All local's are different. Your best bet is to state your case to an organizer. 
If you got "an offer of acceptance" why aren't you working? Do you have a start date for school?


----------



## Jsand (May 7, 2018)

joebanana said:


> Jsand said:
> 
> 
> > Got an offer of acceptance. Haven’t been sworn in. That came from the director. I’ve seen first hand that other people have gotten in with similar types of situations. Just doesn’t seem to add up.
> ...



Orientation is scheduled. So once I complete the technical stuff I’ll be good to go and be assigned to a company. Classes do not start until August since the spring semester is already underway. What exactly is the duty of the organizer? Are they associated with the JATC or directly tied to the Union?


----------



## joebanana (Dec 21, 2010)

Jsand said:


> Orientation is scheduled. So once I complete the technical stuff I’ll be good to go and be assigned to a company. Classes do not start until August since the spring semester is already underway. What exactly is the duty of the organizer? Are they associated with the JATC or directly tied to the Union?
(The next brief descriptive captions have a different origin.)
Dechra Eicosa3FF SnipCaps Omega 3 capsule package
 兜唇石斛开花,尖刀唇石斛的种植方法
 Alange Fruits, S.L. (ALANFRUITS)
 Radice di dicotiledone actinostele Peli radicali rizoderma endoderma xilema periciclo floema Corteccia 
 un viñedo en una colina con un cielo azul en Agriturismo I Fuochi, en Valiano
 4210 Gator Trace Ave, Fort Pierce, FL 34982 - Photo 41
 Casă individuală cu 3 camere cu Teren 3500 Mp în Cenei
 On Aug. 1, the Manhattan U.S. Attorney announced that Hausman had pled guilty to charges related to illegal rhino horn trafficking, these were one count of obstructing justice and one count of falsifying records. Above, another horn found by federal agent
What "technical stuff"? Paper work, dues, or other administrative issues?
The organizer is the local's guy that "organizes" the "new guy's". The guy that can answer all your questions.
Sounds like you're kinda "locked" into the sound/comm. program, since you have a school start date.
The director of the JATC is the guy to talk to about schooling. The union and JATC are separate entities.


----------



## Jsand (May 7, 2018)

joebanana said:


> What "technical stuff"? Paper work, dues, or other administrative issues?
> The organizer is the local's guy that "organizes" the "new guy's". The guy that can answer all your questions.
> Sounds like you're kinda "locked" into the sound/comm. program, since you have a school start date.
> The director of the JATC is the guy to talk to about schooling. The union and JATC are separate entities.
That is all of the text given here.